Madley quotes Indian Affairs commissioner John Collier from 1935, "The world's annals contain few comparable instances of swift depopulation - practically, of racial massacre - at the hands of a conquering race." The murders were committed by, among others, the army, ranchers, volunteer militias (roving death squads), and bounty hunters who were paid for Indian heads and scalps. (There was also a thriving slave trade in women and children.)

Madley calls it a "killing machine." That killing machine was financed with the tax dollars of the state and federal governments and with the connivance of governors and U.S. senators. Extermination was openly advocated in newspapers. Madley says the slaughter in California "was more lethal and sustained than anywhere else in the U.S. or its colonial antecedents."

Despite facing vastly superior numbers and weaponry, there was Indian resistance. That culminated in the Modoc War of 1873 in which 53 Modoc warriors from a lava bed stronghold held off 1,000 U.S. soldiers and militiamen for 8 months with a final death toll of 83 U.S. and 3 Modocs.

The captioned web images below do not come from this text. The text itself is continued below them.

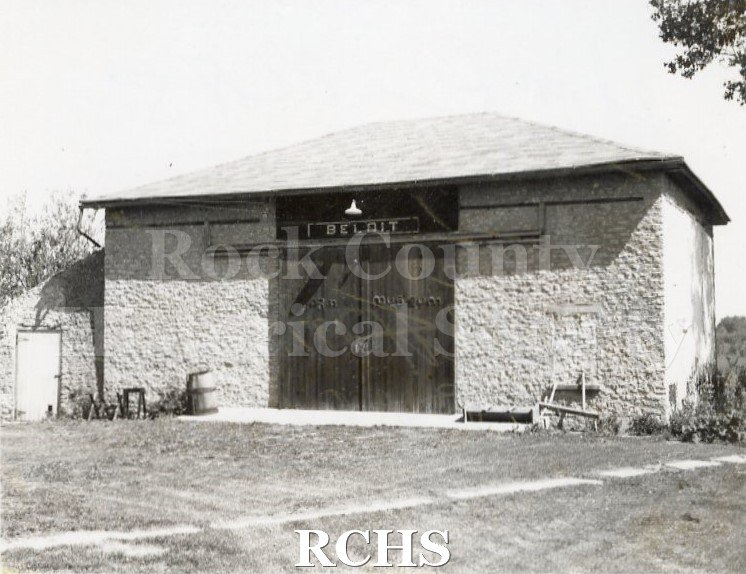 Black and white photograph of the Bartlett Museum Barn, Beloit, WI, a brick barn with double doors. Above the doors is "Beloit".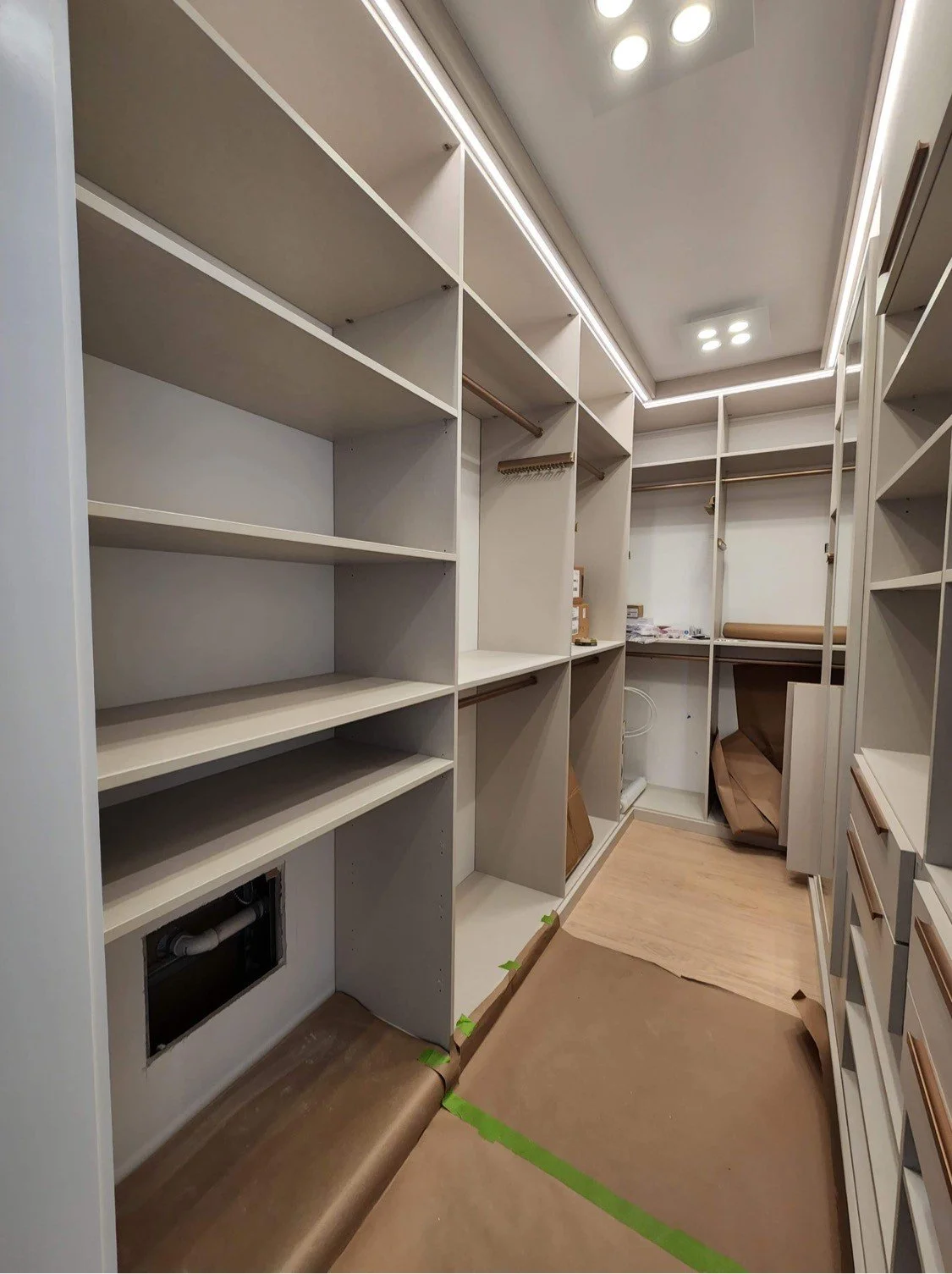 Empty walk-in closet with built-in white shelves and wooden accents, under construction or renovation.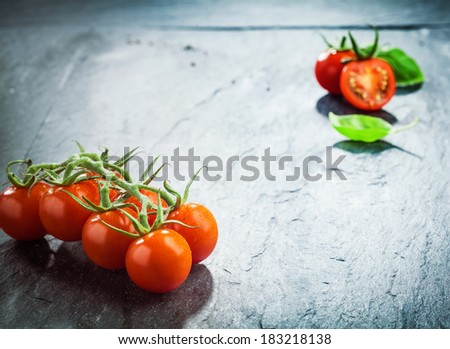 Fresh grape tomatoes on the vine in the lower corner of a dark textured wooden surface with highlight and vignetting and a halved tomato in the top corner with copyspace between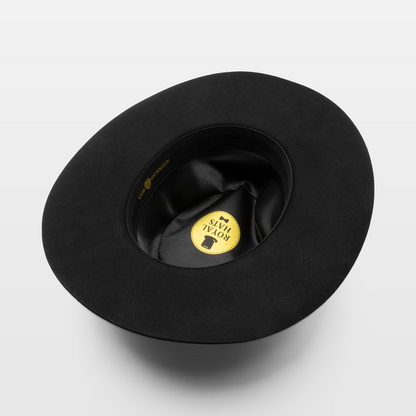 Black wide-brim hat shown from the inside with a gold and black Royal Hats logo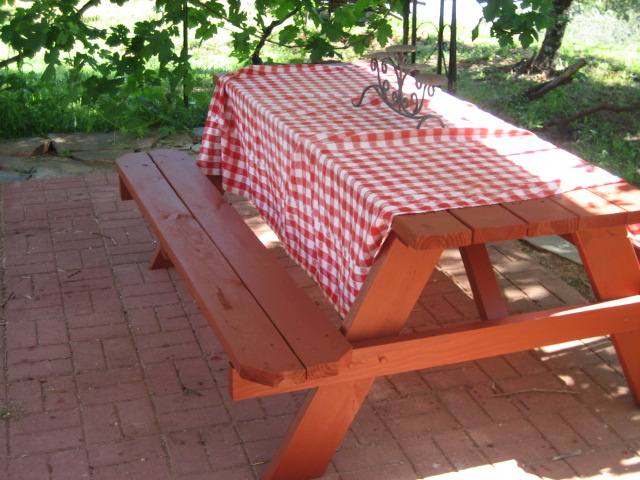 there is a picnic table set up for two people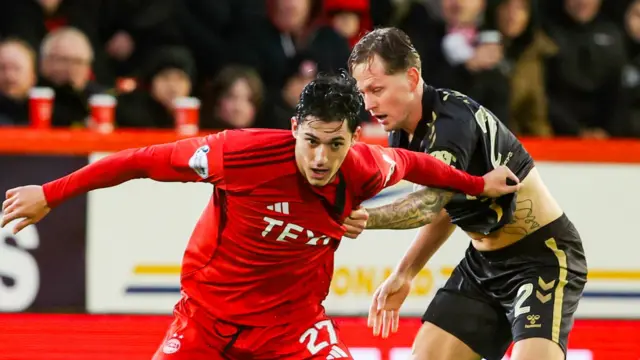Aberdeen's Marko Lazetic and Hearts' Frankie Kent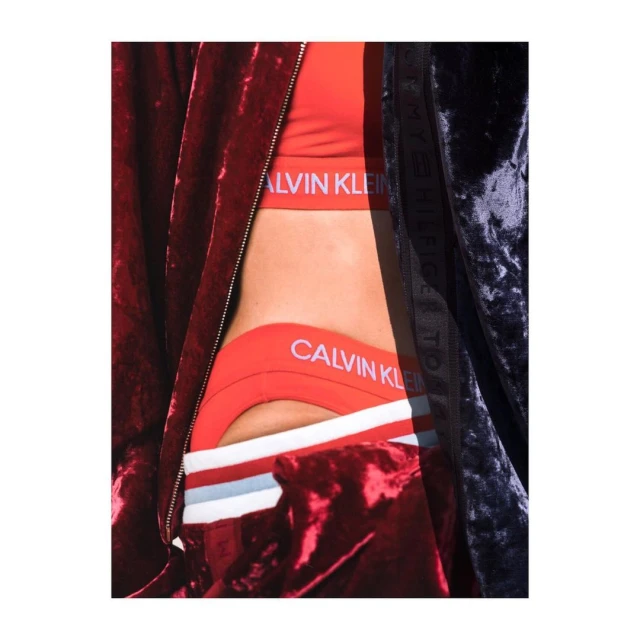 Close-up of a woman's torso wearing a red Calvin Klein sports bra and underwear set, partially covered by dark velvet jackets.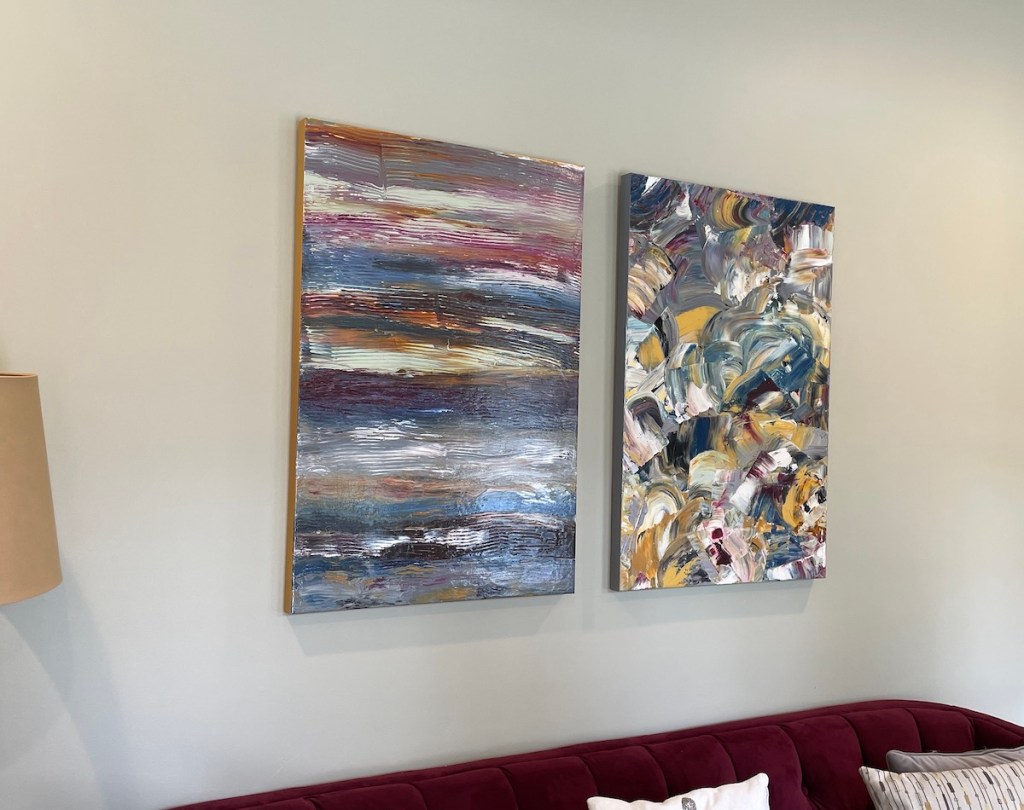 Different view of finished abstract paintings from large scale commission hung over sofa.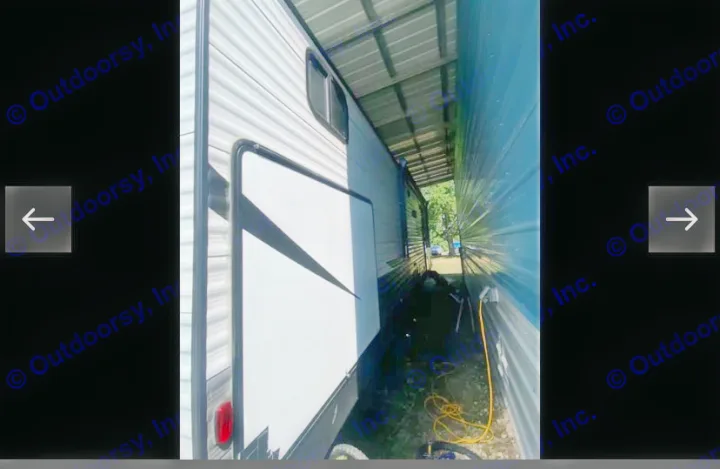Side of an RV rental under a shelter, with its extended slide-out section visible and a yellow power cord on the ground.. Coachmen Lantern 2021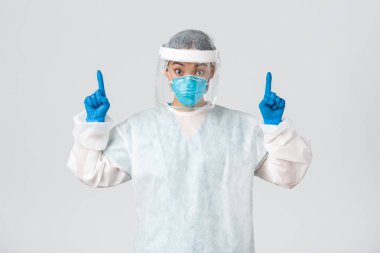 Covid-19, koronavirüs hastalığı, sağlık çalışanları konsepti. Şaşırmış ve şaşırmış Asyalı kadın doktor, solunum cihazları ve kişisel koruma ekipmanları ile reklamları işaret ediyor.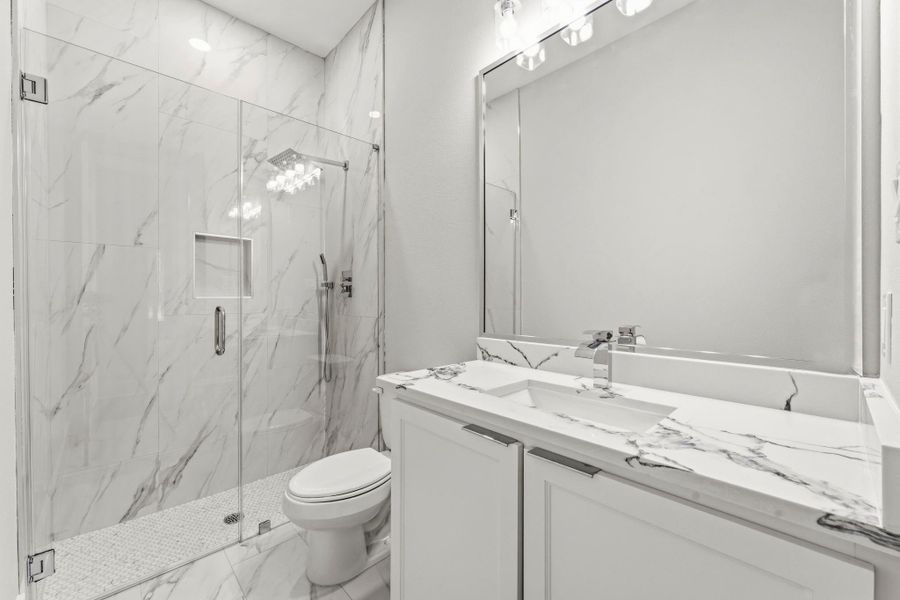 Secondary bathrooms feature quartz countertops, elongated commodes, oversized standing shower.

The facts are not in dispute. However, the right word to describe them is. Conservatives want to label it a "tragedy" but not a "crime." At the opposite extreme is Murder State: California's Native American Genocide, 1846 - 1873 (2012) by Brendan Lindsay covers the same area as Madley's book but focuses more on the "processes and mechanisms of democracy" in that context. In Ethnic Cleansing and the Indian: The Crime That Should Haunt America (2014), Gary Clayton Anderson uses the definition of ethnic cleansing developed by the United Nations.

Madley uses the United Nations' definition of genocide to make his case. In one of the few other reviews of his book, The New York Times chastised Madley in an otherwise positive review for "shedding more heat than light" by using genocide. I think Madley makes his case for genocide, though he doesn't make the case for the practical advantages of using the term, so the controversy remains something of an academic teapot tempest. A more interesting question than nomenclature is how this could be so widely known inside the community of professional historians and so little known outside it. Madley describes it as "hidden in plain sight."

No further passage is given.